Moreover (second), what if I ensure you that the coin is tossed only once? It would still be reasonable to believe that the probability of heads is 1/2, but this time it is certain that the relative frequency of heads won't be 1/2.

Another possible explanation of how (a) and (b) and (c) confirm H goes as follows. You may think that when the coin is flipped, the exact initial conditions -- in particular, the coin's vertical and rotational velocity -- are to some extent a matter of chance. That is, you may assume that there's an objective probability distribution over initial conditions. If you also assume that this distribution is roughly bell-shaped and not concentrated on a very narrow range of initial conditions (in accordance with (c)), then it follows from (a) and (b) that the probability of each outcome is about 1/2.

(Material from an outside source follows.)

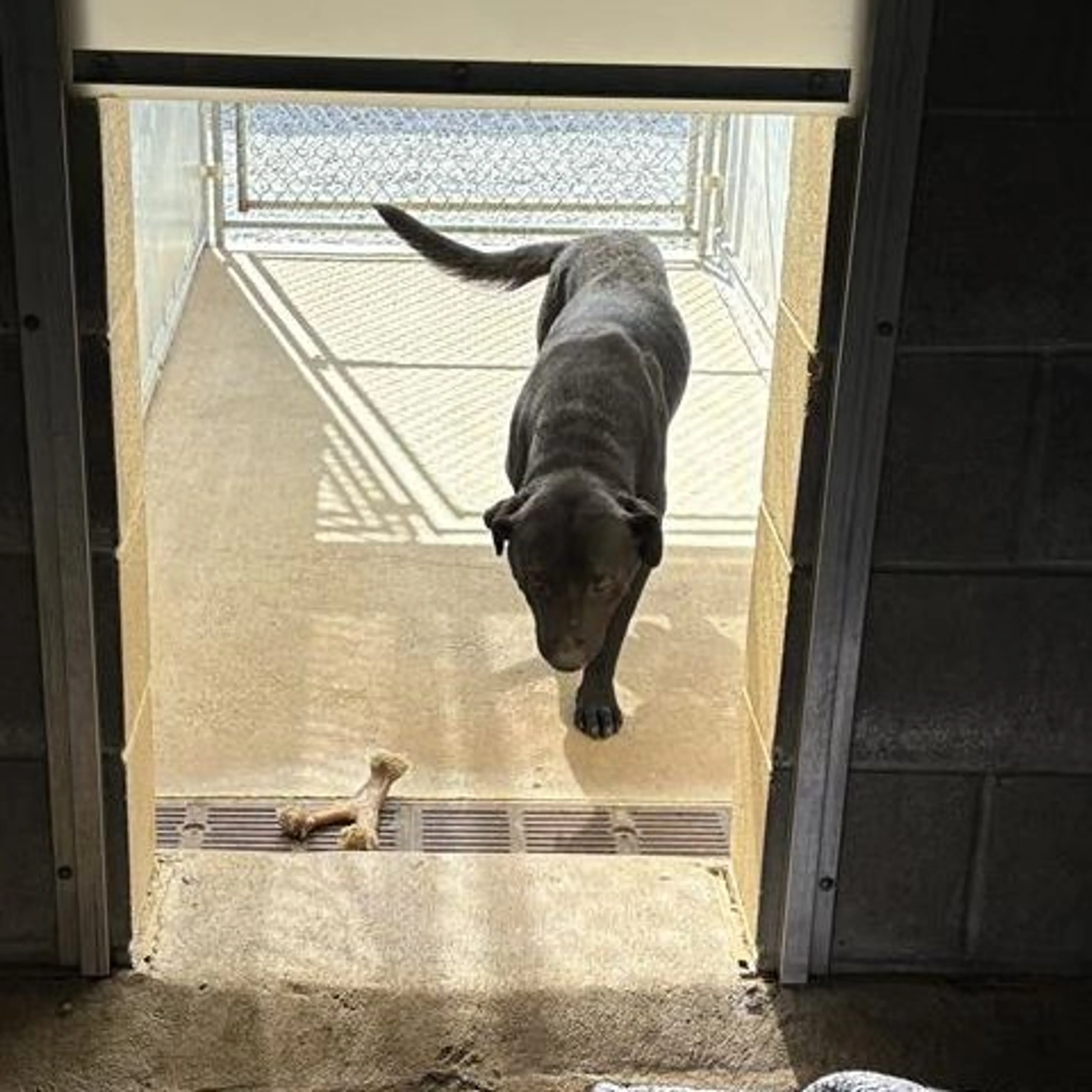Found pet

On this account, the probability measure specified by H is effectively identified with the probability measure over initial conditions. Even if you know little about the latter, the dynamics of the flipping process guarantees that it must determine a probability of roughly 1/2 for heads. Thus, (a) and (b) and (c) confirm H because they entail H.

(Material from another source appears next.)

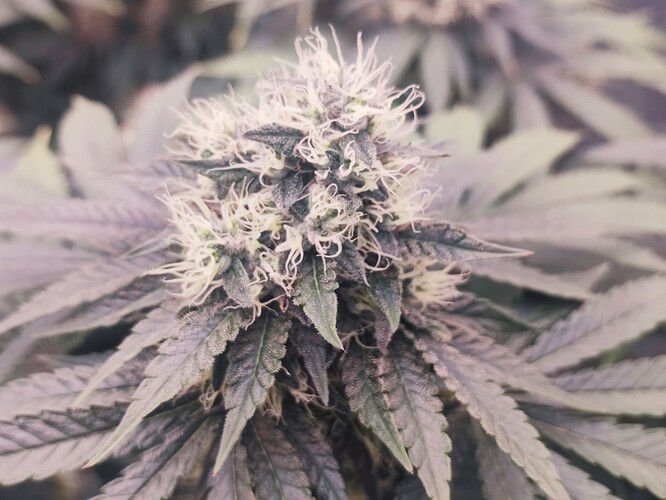 Growreport Bild 7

I'm not convinced by this explanation either. For one thing, it violates the autonomy of higher-level objective probabilities. It seems highly implausible to me that the objective probabilities in population models or genetics are identical to the objective probabilities of statistical mechanics, and it seems even more implausible that the statistical mechanics probabilities are the probabilities of quantum mechanics. In fact, the mechanistic evidence for statistical mechanics, as it is usually presented, assumes a deterministic microphysics. So I don't think the probabilities in models of coin tosses are identical to lower-level probabilities over exact initial conditions.

Moreover, it seems to me that (a) and (b) and (c) would support H even on a purely subjective reading of (c), on which it says that you give approximately equal credence to initial conditions that differ very slightly from one another. In that case, your knowledge of (a) and (b) entails that you should assign credence 1/2 to heads. By the Principal Principle, it then follows that you can't believe that the objective probability of heads is anything other than 1/2. But that can hardly be the full story of how (a) and (b) and (c) support H.

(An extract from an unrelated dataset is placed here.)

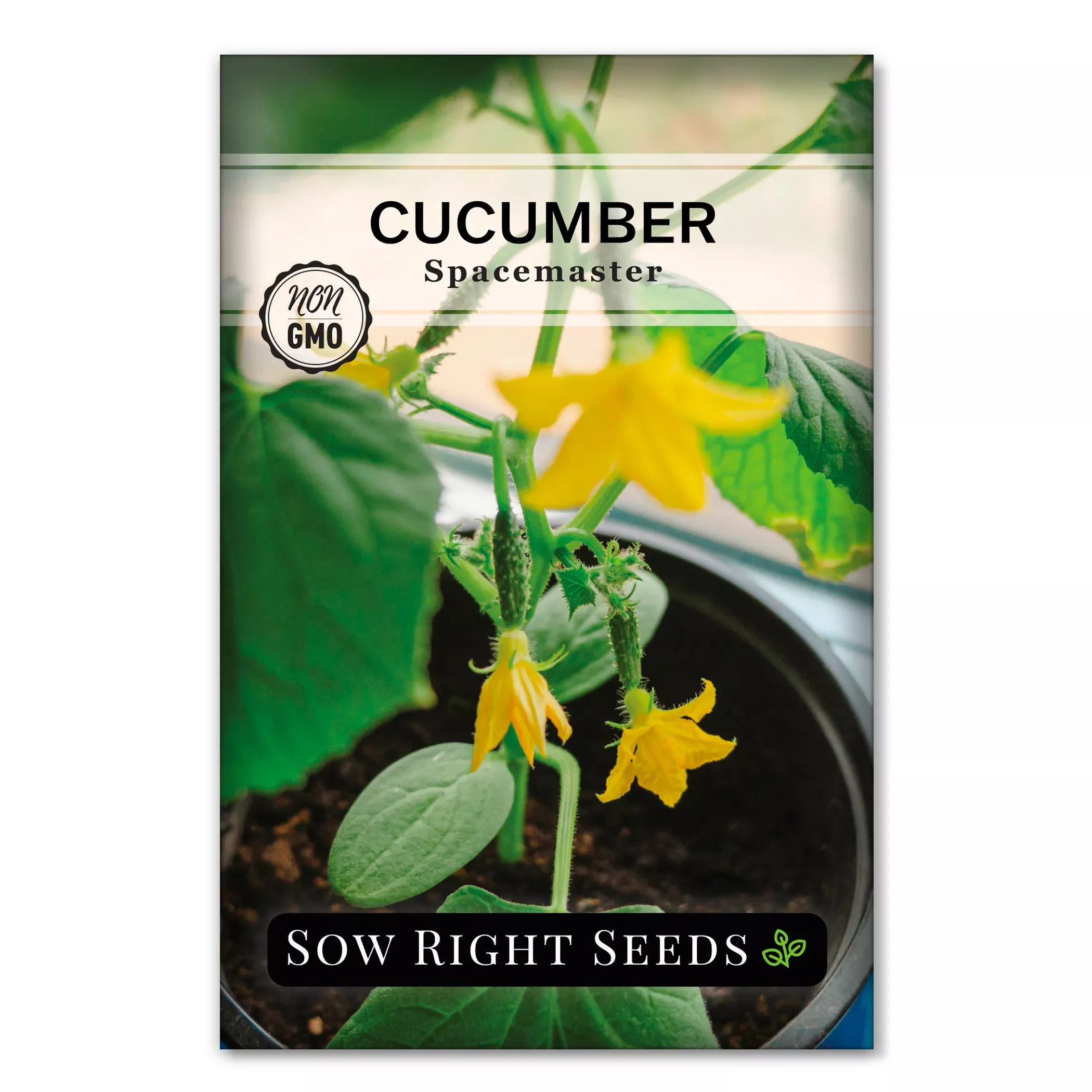 spacemaster-cucumber-seeds Spacemaster Cucumber Seeds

(Compare: if you knew the exact initial conditions, or if God informed you of the outcome, you could be certain how the coin will land on my next flip; but we can't infer from the Principal Principle that the objective probability of heads is not 1/2.)

Notice that if (c) is true on the subjective reading, and you have
the mechanistic information (a) and (b), then not only will your
credence in heads be 1/2; your credence will also be highly
*resilient*, in the sense of Skyrms
1980. Resilience is invariance under conditionalisation. Given (a)
and (b) and (c), your credence in heads will not be swayed by further
information, say, about the weather, about the time at which the next
flip occurs, or about whether microphysics is deterministic.

Skyrms suggests that a probabilistic model is well-confirmed for an agent to the extent that the agent's corresponding degrees of belief are resilient. It's certainly true that accepting a probabilistic model goes along not only with aligning one's credences with the model's probabilities, but also with making those credences highly resilient. Arguably that is why well confirmed probabilistic models are almost never just confirmed by frequency data. Mere frequency information would not make our credence resilient.

The problem is how to make sense of this effect in the framework of Bayesian confirmation theory. Skyrms rejects the whole idea of objective (physical) probability. On his view, it is wrong to speak of our credence in probabilistic models and about how that credence changes in response to evidence. For Skyrms, to say that H is well confirmed is really to say that the subjective probability of heads being 1/2 is resilient.

Skyrms's solution is too radical for my taste. I'd like to think that probabilistic hypotheses are genuine hypotheses that can be tested and believed. But this makes it mysterious why confirmation of such hypotheses would go along with resilience of the corresponding degrees of belief: why is your credence in H proportional to the resilience of your credence in heads?